California is home to over 1.2 million licensed motorcycle drivers, but with the increase each year of injuries and deaths, the California Highway Patrol, CHP, declared May as Motorcycle Safety Awareness Month. According to the CHP website, their primary mission is to prevent loss of life and injury to all motorists. With so many deaths and injuries occurring on motorcycles, their main focus is to get all drivers trained in the proper use of their vehicles. Last year in California there were 13,252 motorcycle injuries and 586 deaths.
Since 2004, the three top California counties that motorcyclists have been killed in are Los Angles, San Diego and Orange County/Riverside. Statewide motorcycle drivers represent 9.4% of all traffic fatalities, but account for only about 2% of the vehicles on the road. Motorcyclists are 28 times more likely to die in an accident according to the National Highway Traffic Safety Administration.

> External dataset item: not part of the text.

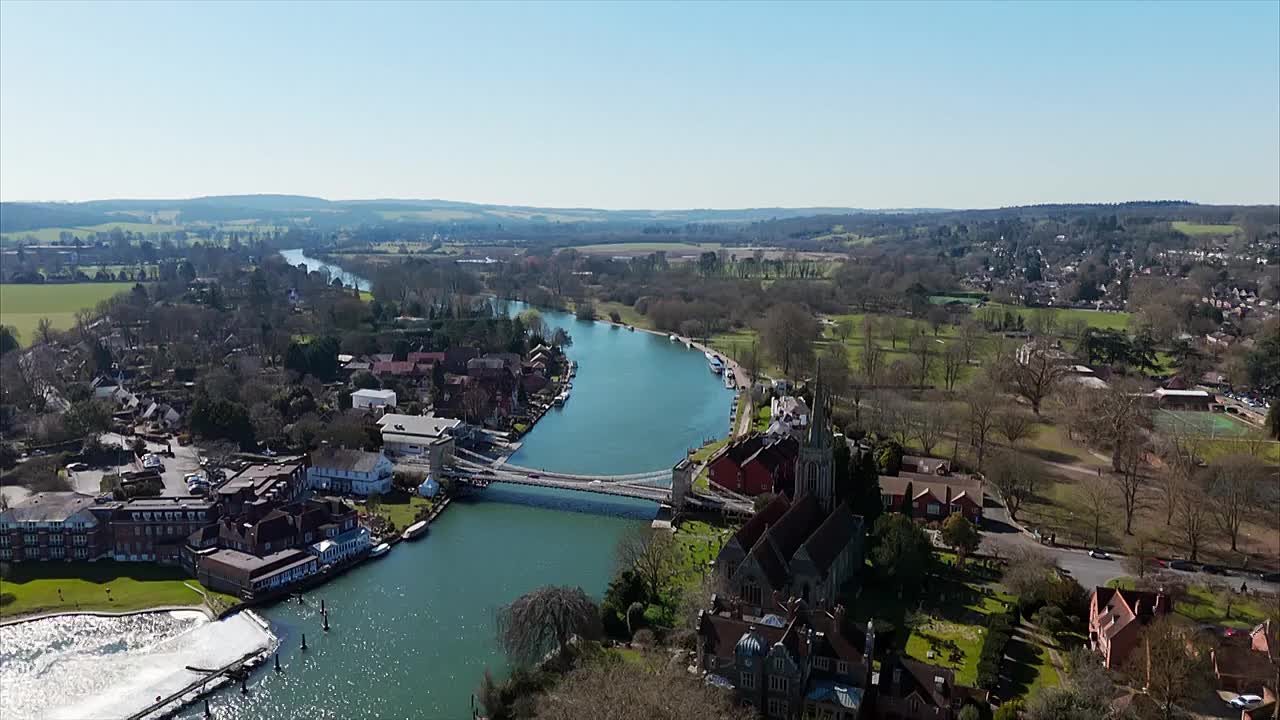 Tom Kerridge Secrets Of The Pub Kitchen S02E01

One of the most important pieces of equipment that a motorcycle driver can have is good helmet. Although not all states require helmet use, California state laws are quite clear that is mandatory. There are two main types of helmets; the three-quarter coverage or full face type of gear. The most important consideration when you purchase a helmet is that it meets U.S. Department Transportation (DOT) and state safety standards.
Last week a Huntington Beach motorcyclist was killed in a tragic collision. David Houck was riding his motorcycle and didn’t slow down in time and hit the back of SUV. He was thrown from the motorcycle and suffered major upper body injuries. However, the CHP said he would have survived the crash if he had been wearing a Department of Transportation-approved helmet.

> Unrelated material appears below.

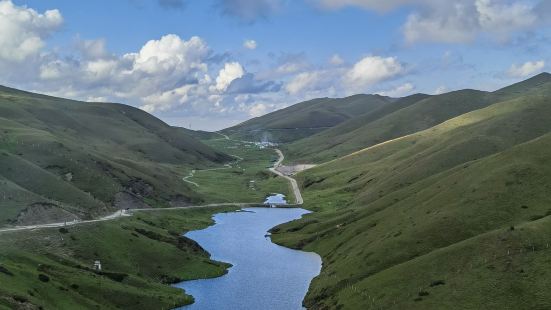 非常经典的高山草原风光，蓝天白云，绿草碧水，风景比较秀丽，小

For the latest Helmet Test Data, visit and search on helmet test data. On their website, brands and models are identified and whether they passed or failed the analysis.

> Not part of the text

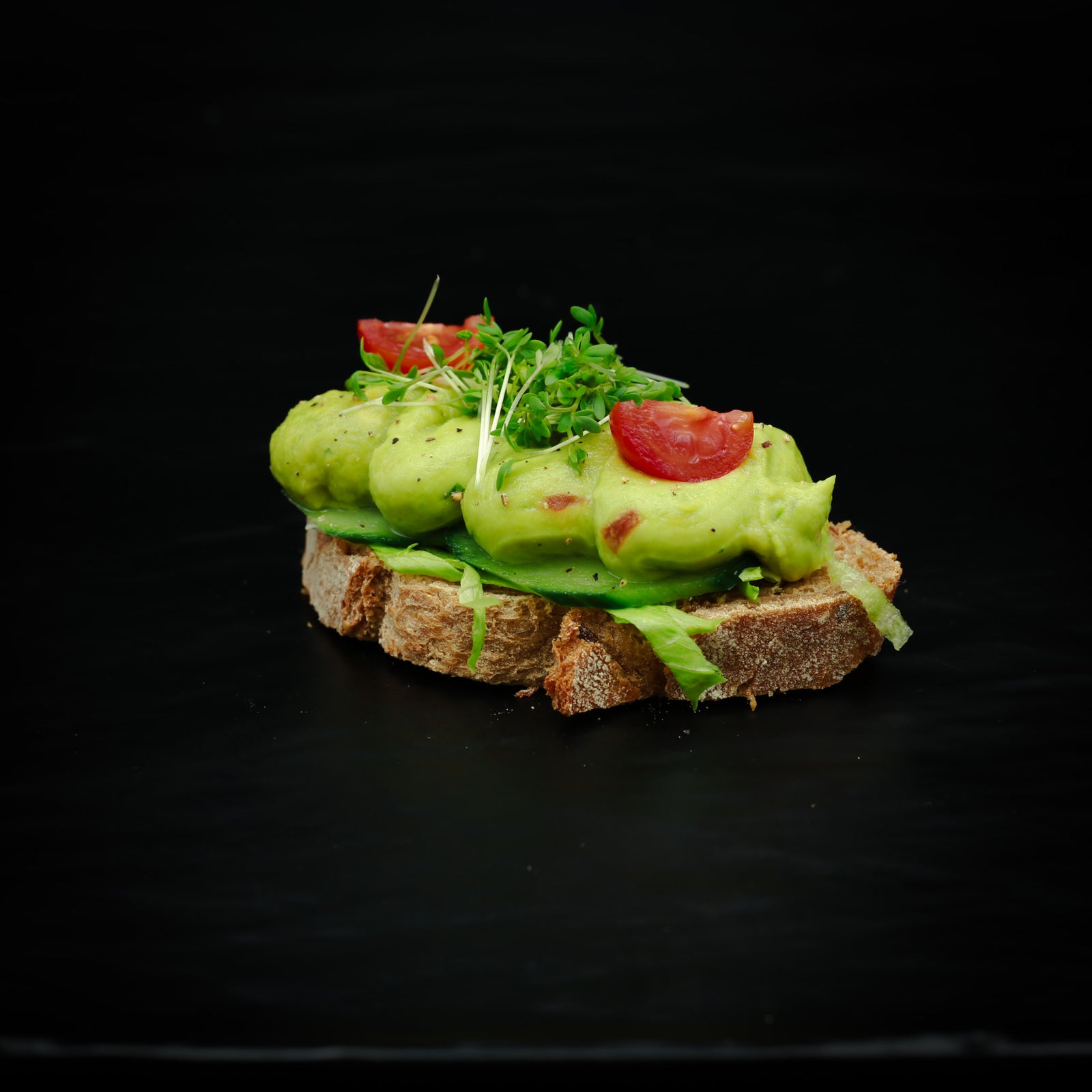 Fancy Schnitte Avocado & Gurke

In addition to good protective gear, a good safety course such as the CHP’s California Motorcyclist Safety Program, (CMSP). There are two levels of training; both beginning and advanced. There are 124 locations throughout California and the cost is only $250. A few hours of training could just save your life.
By increasing awareness, the use proper equipment and good education, California roads can be shared by both motorcycles and vehicle alike. Drivers of all types of vehicles have a shared responsibility to keep our highways safe.